La sensualità e l’erotismo dei personaggi della Carter somigliano a quelli di Lilith, femmina ribelle, più che a quelli di Eva, la moglie ubbidiente che Adamo ha scelto per sé.
Angela Carter esprime la nascita di una nuova Eva, come recita il titolo di un suo romanzo. La nuova Eva viene al mondo con l’aiuto di Lilith, personaggio che richiama l’archetipo della mitologia sumera e mesopotamica, Lilitu, e in seguito biblico, lasciato in ombra dall’ Occidente. Lilith, simbolo del potere erotico femminile, aiuta Eva a venire al mondo e poi si allontana per combattere i ribelli.
Carter ha postulato una femminilità attiva e non passiva anche nel suo La donna sadiana.
Non a caso, la sua narrativa è priva delle liturgiche, ripetitive fustigazioni e genuflessioni ricorrenti nei romanzi di genere erotico; non indulge in violenze, stupri, domini e sopraffazioni, giochi carichi di vessazioni che celebrano, con un’asimmetria affettiva e identitaria, una violenza quasi legittimata e resa scontata e inevitabile.
Del resto nei pirotecnici racconti di Angela Carter nessuno degli amanti, sorpreso da un eros caotico e appassionante, va in cerca di curiosità circensi per eccitarsi. I giochi d’amore, le schermaglie erotiche, vivono di tensioni potenti, di sfide feroci e carnivore che tuttavia non mirano alla distruzione reciproca o alla sottomissione di uno dei due. Non c’è mai traccia di distruttività e di quel desiderio di sopraffazione che divide il mondo in carnefici e vittime.
L’eros che racconta è fame e desiderio dei sensi, degli affetti, dell’intelligenza e dell’anima, intreccio di natura e cultura che chiama in causa tutte le componenti della coscienza, dalle più istintive e naturali alle più evanescenti.

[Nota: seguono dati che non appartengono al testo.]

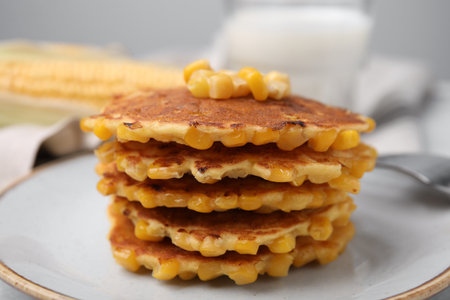 Tasty corn pancakes on white plate, closeup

Angela Carter ci ha regalato tanto, tutto questo e molto di più eppure non ha mai vinto premi importanti. Troppo estrosa, troppo esuberante, troppo capace di oltrepassare e miscelare i generi per vincere premi. Oltre le convenzioni. Scarsamente catalogabile, è sempre risultata al di fuori dei canoni con cui i tanti cacciatori di regole amano assoggettare l’imprevedibilità.